>>>

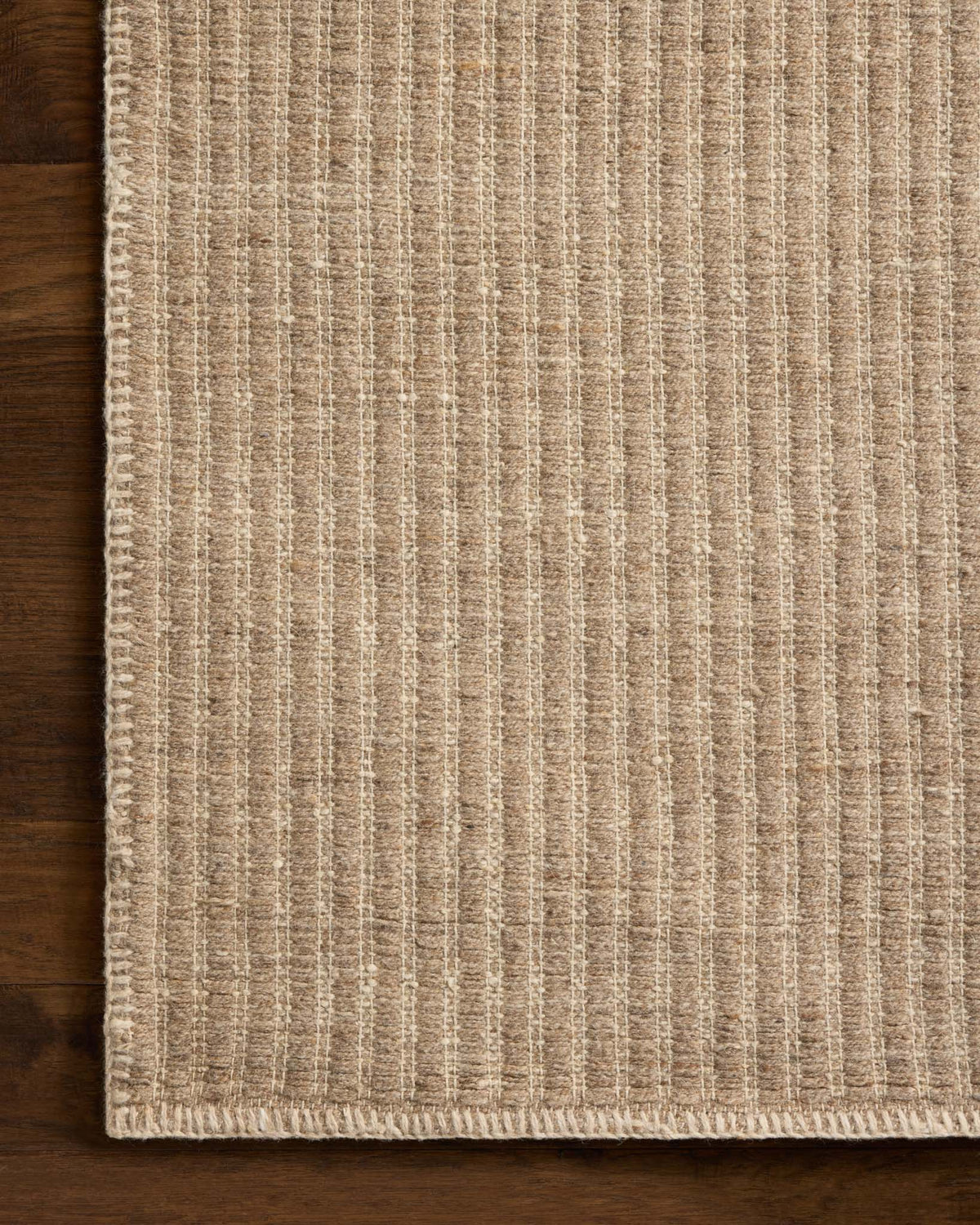 Loloi Elma ELM-01 Dove area rug - image 4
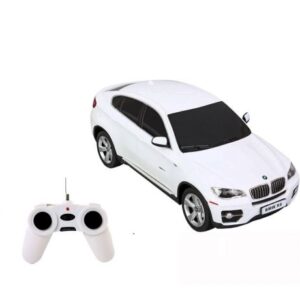 ماشین کنترلی BMW X6 (سفید)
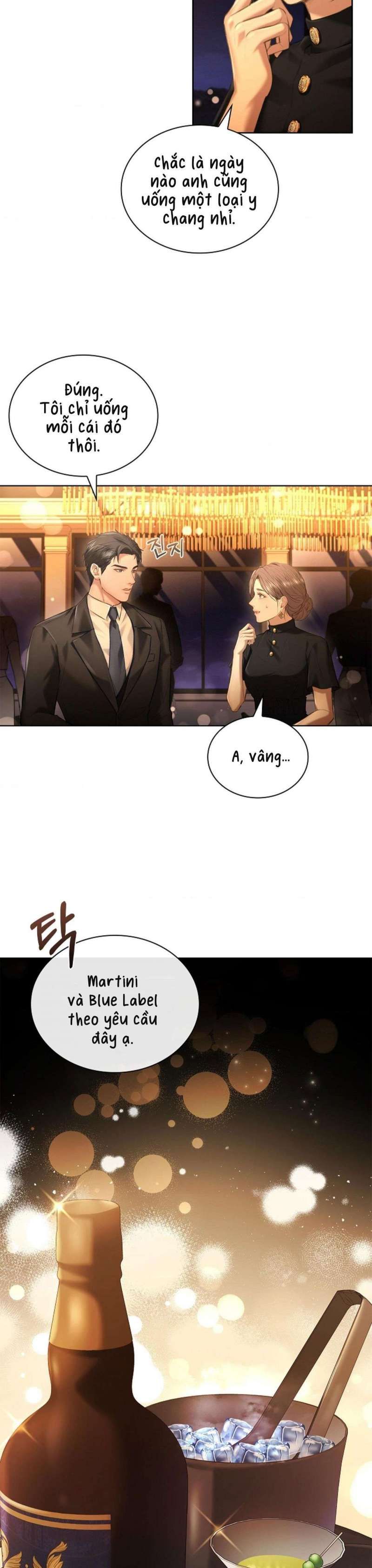 đọc truyện Người Vợ Trẻ Chương 11 ảnh 18 tại Thiên Thai Truyện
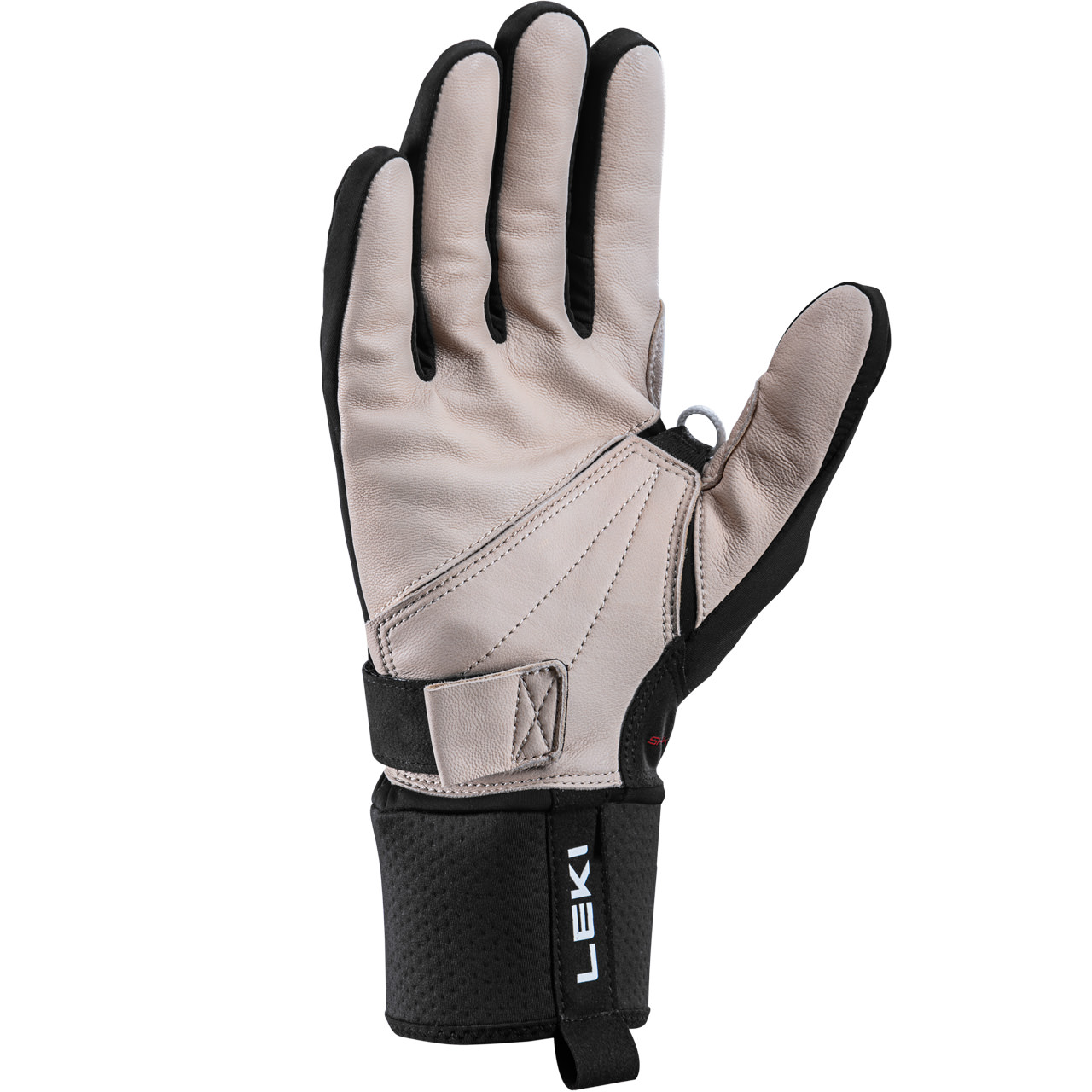 Leki Herren Langlauf-Handschuh PRC PREMIUM SHARK black/sand | Leki Handschuhe | Leki | L | MARKEN | XSPO
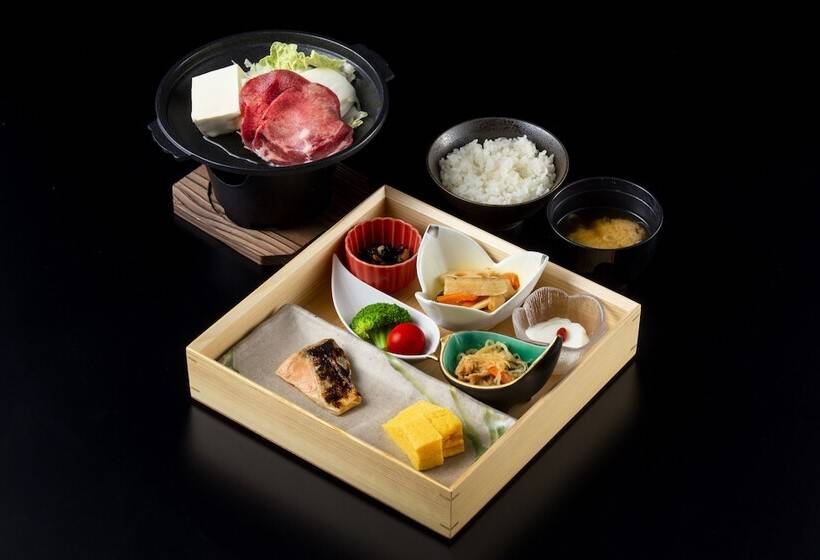 Hotel Prostyle Ryokan Yokohama Bashamichi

<<<

> **What is being asked**: When you reach a picture, pass over it; write out all other material exactly.

> **Solution to this exercise**:
 Loloi Elma ELM-01 Dove area rug - image 4
 ماشین کنترلی BMW X6 (سفید)
 đọc truyện Người Vợ Trẻ Chương 11 ảnh 18 tại Thiên Thai Truyện
 Leki Herren Langlauf-Handschuh PRC PREMIUM SHARK black/sand | Leki Handschuhe | Leki | L | MARKEN | XSPO
 Hotel Prostyle Ryokan Yokohama Bashamichi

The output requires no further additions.